Generally, the court does not automatically seal divorce records; you and your ex-spouse (and your divorce lawyer, if you have one) must make a request for a sealed record. When determining whether or not to seal a divorce record, the judge will consider factors such as protecting:

  • A child's identity.
  • A domestic violence victim's identity.
  • Sensitive information such as Social Security and bank account numbers.

Using Divorce Records

Sure, divorce records prove you're divorced, but they're crucial (and often required) for several legal transactions—most notably, changing your name.

For example, in order for your name change to be considered legal, the Social Security Administration (SSA) requires you to file for a corrected Social Security card with your local SSA office. Among various other legal documents, applying for a name change with the SSA requires documentation that proves the name change, and this is when you need your divorce record.

Also, most states require a copy of your divorce record for various driver license and motor vehicle transactions related to changing your name.
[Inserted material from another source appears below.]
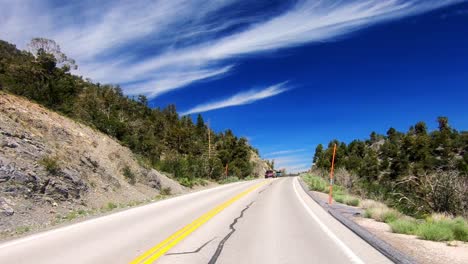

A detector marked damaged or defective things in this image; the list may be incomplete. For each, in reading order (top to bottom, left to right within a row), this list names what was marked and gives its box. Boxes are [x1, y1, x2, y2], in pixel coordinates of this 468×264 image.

For example, if you want to change your name on your driver's license, identification card, or vehicle title and registration, your DMV agency will request your divorce record (and possibly your new SSN card).

At the same time, many states also require your divorce record any time you renew or apply for a duplicate driver's license or identification card; if you've ever been in the system with a different name, your DMV agency might want to see the paperwork trail leading to your current legal name.

Finally, some states require a copy of your divorce certificate if you remarry.

Ordering Your Divorce Record

Depending on your jurisdiction, the court might provide you with a copy of your divorce record immediately following your divorce, or you might receive one in the mail once all papers have been processed.

Should you need a replacement or additional copy, generally you can obtain a certified copy of your divorce certificate from the courthouse located in the county where you obtained your divorce.

Refer to the Centers for Disease Control and Prevention (CDC) vital records request information page for your state's specific policies and relevant contact information.

Order Divorce Records Online

Some third-party agencies work to obtain vital records, such as divorce records, for you; however, before you order a copy from a third-party company, make sure your state allows that agency to both access the records and provide certified copies of them.